Domestically, there are questions about what regulations may be rolled back. According to The Hill and New York Magazine , these could include the federal overtime rule, Obamacare, and rules related to climate emissions.
If Obamacare is repealed, what impact will that have? Under the law, businesses with more than 50 full-time equivalent employees are required to provide healthcare plans. But how many know that businesses with fewer than 25 full-time equivalent employees (according to some estimates, as much as 96% of all American businesses, including thousands of trucking companies that fall into this category) could receive tax credits if they provide insurance to their employees?
If your business offsets a healthcare offering with that tax credit, and if the plan the Republicans and Trump come up with doesn’t include this option, you may see a sudden, dramatic rise in your employee healthcare costs. Do you just eliminate the benefit? Eliminating benefits is not the ideal employee retention tool.

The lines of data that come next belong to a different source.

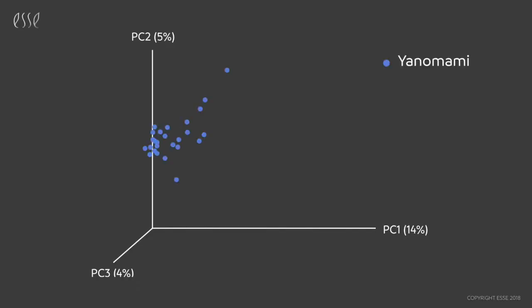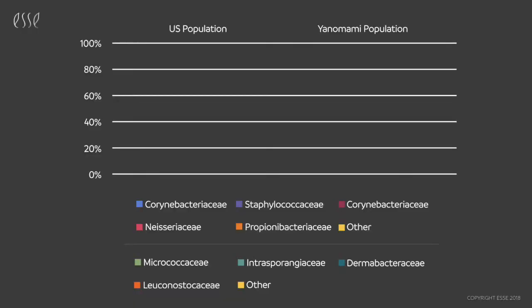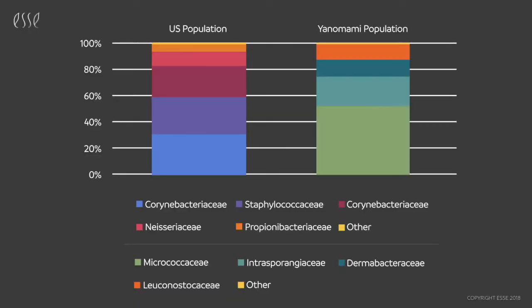When you plot them in a three-dimensional graph, you can see that the western population is a long way away from where the hunter-gatherer population is. You can also see in this chart that we're dealing with very different microbes in these two populations. So, is it good to have high microbial diversity on skin?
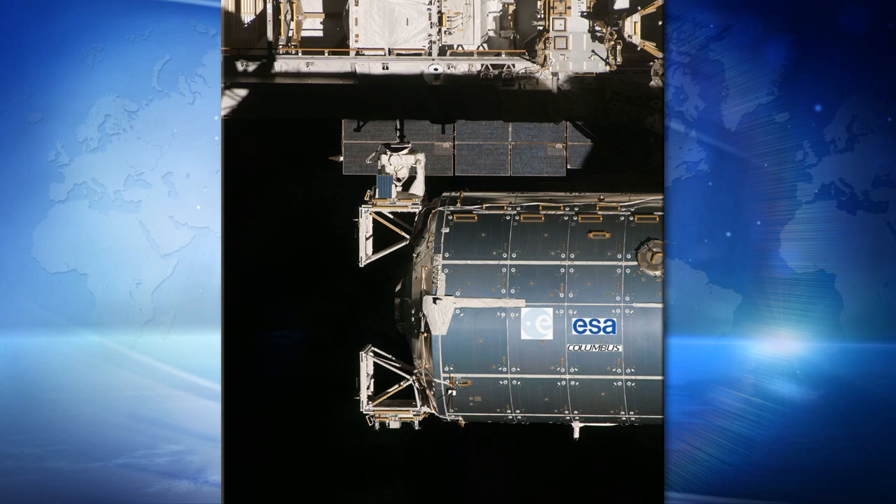All four of our cameras will be pointed at different angles towards Earth. One camera will be pointing forward, looking where the ISS is traveling. One camera will be pointing straight down towards Earth, and two cameras will be pointed towards the back to see where the ISS has been traveling. So if there were a weather event like a hurricane, we could watch it as the ISS approaches, transfer to the next camera as it passes over, and then watch as the ISS moves away.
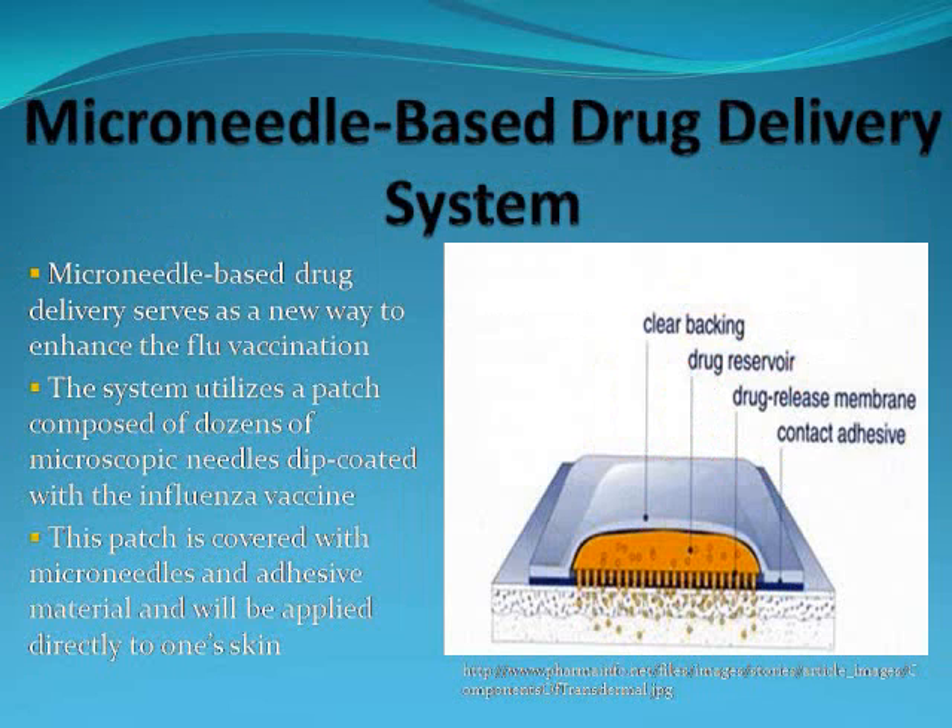Microneedle-based drug delivery serves as a new way to facilitate and enhance the flu vaccination. This system uses a patch composed of dozens of microscopic needles, or microneedles, dip-coated with the influenza vaccine. This patch is covered with these microneedles and an adhesive material which will allow the patch to be stuck to one's skin. When applied, the patch and the microneedles will come in direct contact with the skin and the vaccine will be administered into one's body. A diagram of this patch is shown to the right.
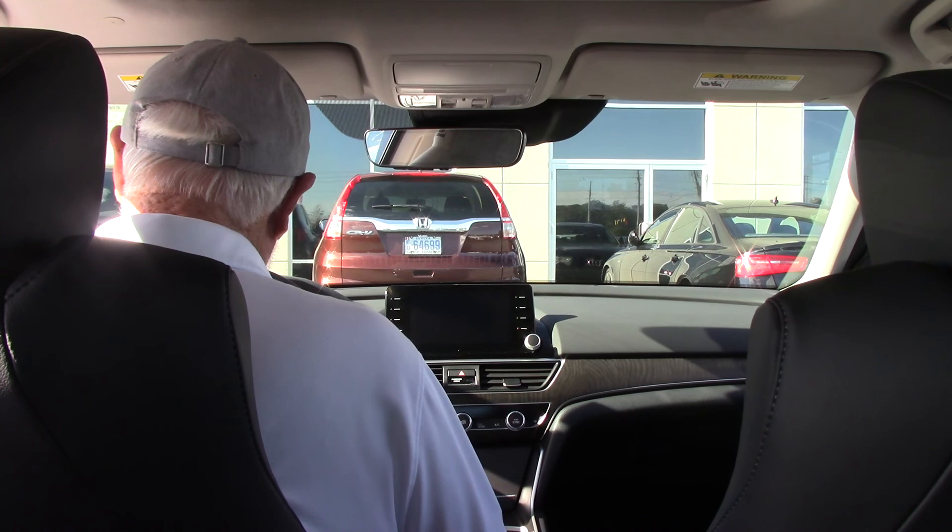You need to come in and take it for a test drive. They're really quite fun to drive. Look forward to seeing you. Jim at Hubert Vester Honda.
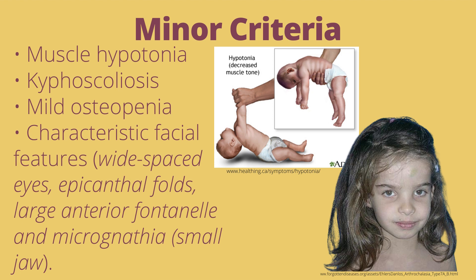Epicanthal folds are in the inner corners of eyes and are common in young children, people with Down syndrome, and those of Asian descent.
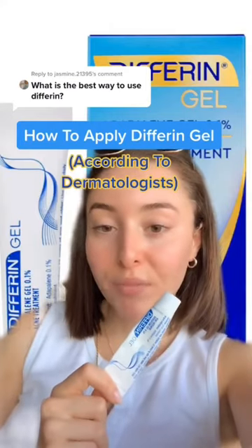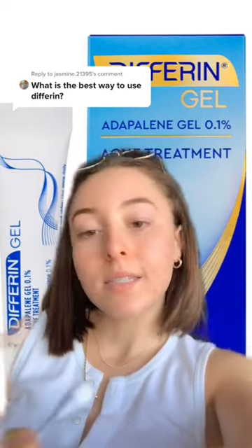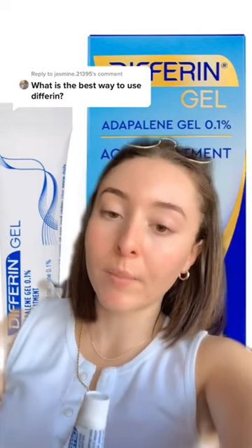Adapalene Gel, brand name Differin, is a highly effective retinoid that is over-the-counter. It used to be prescription. Since it can be irritating, many dermatologists recommend that you apply it this way.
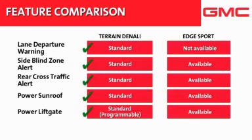On Edge Sport, all of those features are optional, with the exception of lane departure warning, which is not available at all. In addition, unlike Terrain, Edge's power liftgate is not programmable.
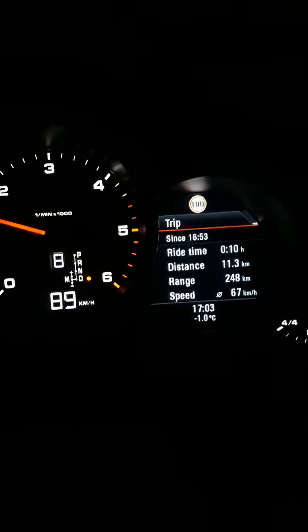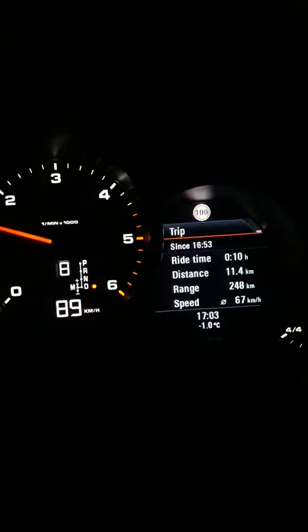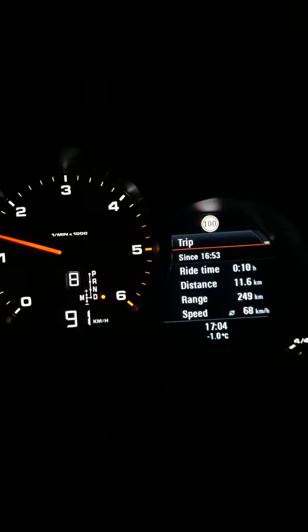Hi everyone. This is a 2014 Porsche Cayenne. I have re-coded the injectors because they had wrong values and the car's fuel consumption was too high.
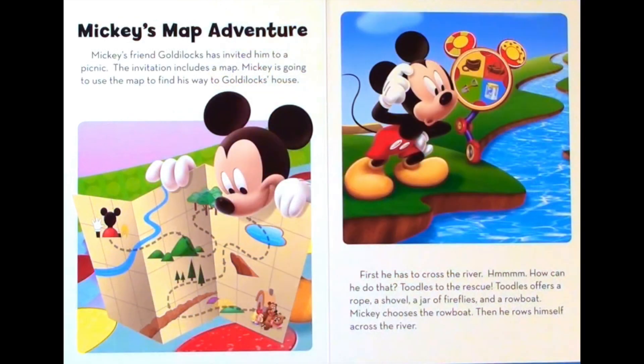Mickey's map adventure. Mickey's friend Goldilocks has invited him to a picnic. The invitation includes a map. Mickey is going to use the map to find his way to Goldilocks' house. First he has to cross the river. Hmm, how can he do that? Tootles to the rescue. Tootles offers a rope, a shovel, a jar of fireflies, and a rowboat. Mickey chooses the rowboat. Then he rows himself across the river.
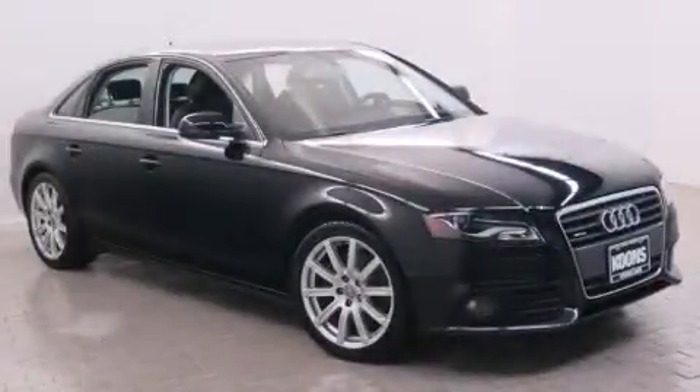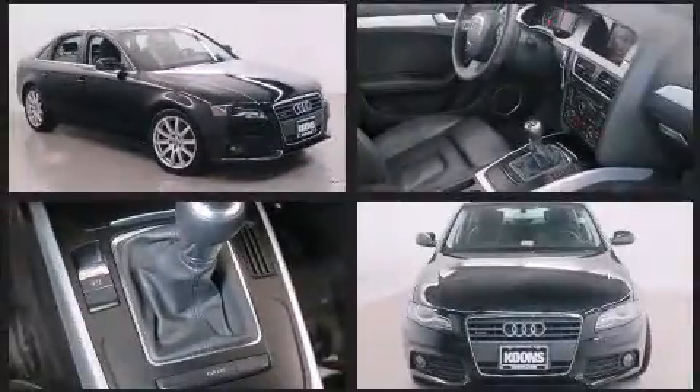You're going to love the 2010 Audi A4. This four-door, five-passenger sedan has just over 80,000 miles.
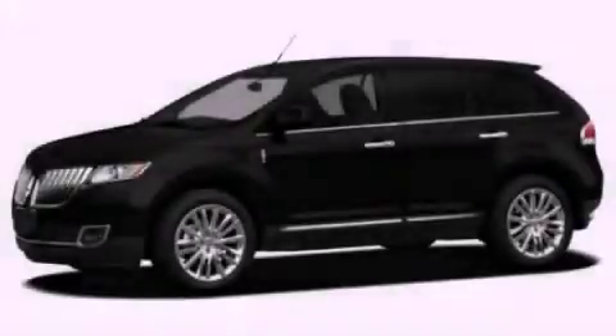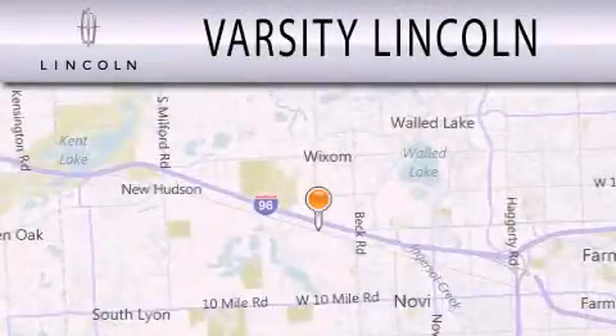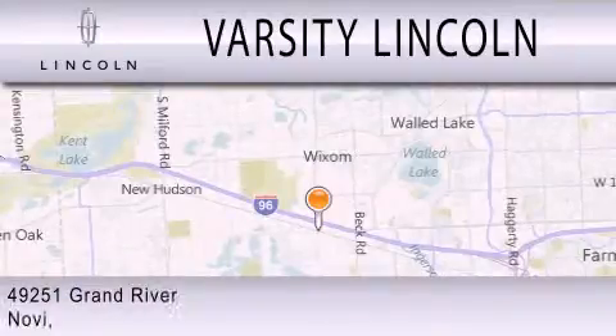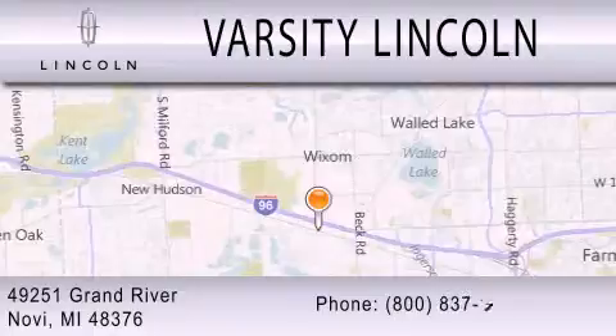Contact us today to arrange your test drive. Varsity Lincoln is dedicated to doing everything possible to ensure that the experience you have selecting your next vehicle is as pleasant as possible. We are located at 49251 Grand River in Melvi.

Truck OEMs and component manufacturers are concerned about the implementation of Phase 2 greenhouse gas regulations, which are set to be fully phased in by 2027. There has been widespread speculation that Phase 2 could be dismantled before it ever gets started because of the beliefs of some Trump cabinet picks, and even Trump himself, that climate change regulations are job killers.
What about Trump’s campaign promise to revive the coal industry? Whether the coal industry can be revived has been hotly debated since the election, but when combined with Trump’s pro-drilling approach to oil, is it any wonder that some in the alternative fuel industry are worried?
While natural gas as a vehicle fuel remains a small portion of the mix, there are plenty of fleets that have bet big-time on the fuel as a cleaner and more cost-controlled choice over diesel. And even though electric trucks remain a small minority, several manufacturers, Daimler Trucks chief among them, have announced plans to bring new electric truck models to market in the next few years. Key to their adoption will be tax credits and grants, both of which could be in jeopardy under a Trump administration.
The big question now is whether all these investments in fuel efficiency will continue if the landscape changes and there is no longer a long-term price advantage over diesel? Does the industry share that blind optimism and tolerance for uncertainty that Houston spoke of? We will soon find out.